- _Given material_:
######
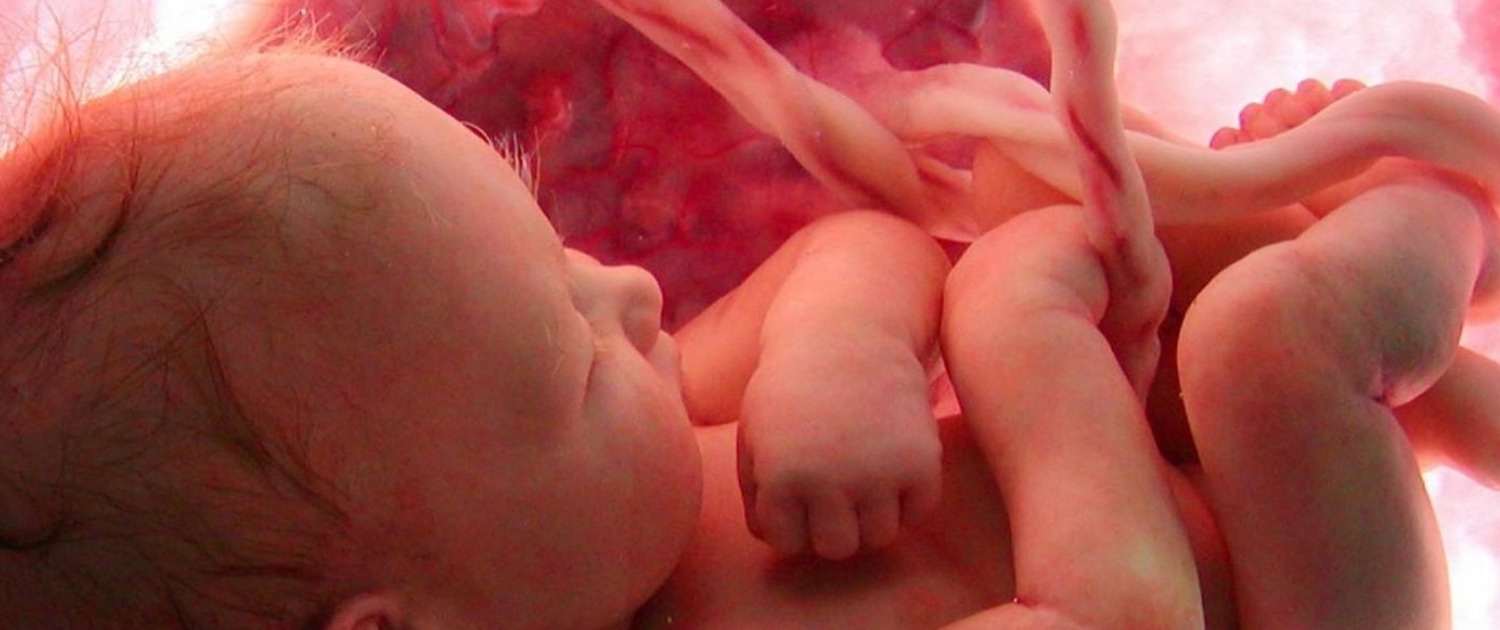 Fetal DNA Testi - Op. Dr. Ali Gürsoy - Maltepe Kadın Doğum Doktoru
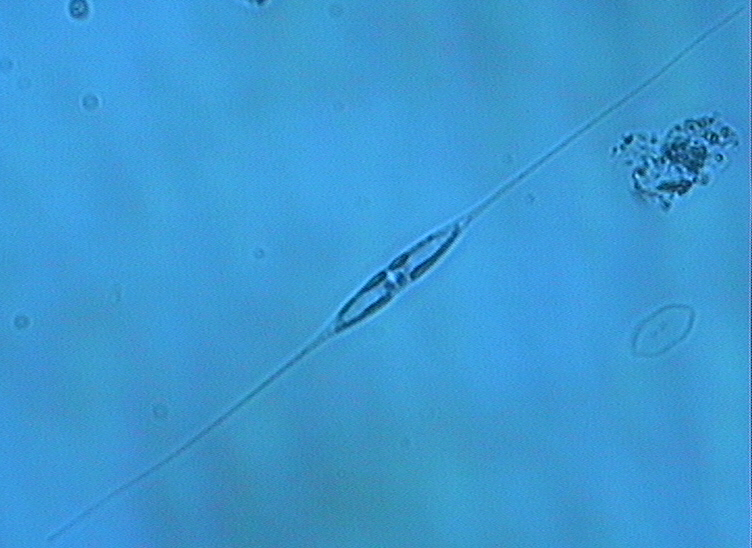 Dictyocha speculum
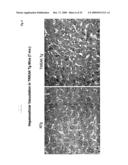 METHODS FOR TREATING TWEAK-RELATED CONDITIONS diagram and image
######
- _Activity_:
Return the listing verbatim, pictures omitted.

- _Answer_:
 Fetal DNA Testi - Op. Dr. Ali Gürsoy - Maltepe Kadın Doğum Doktoru
 Dictyocha speculum
 METHODS FOR TREATING TWEAK-RELATED CONDITIONS diagram and image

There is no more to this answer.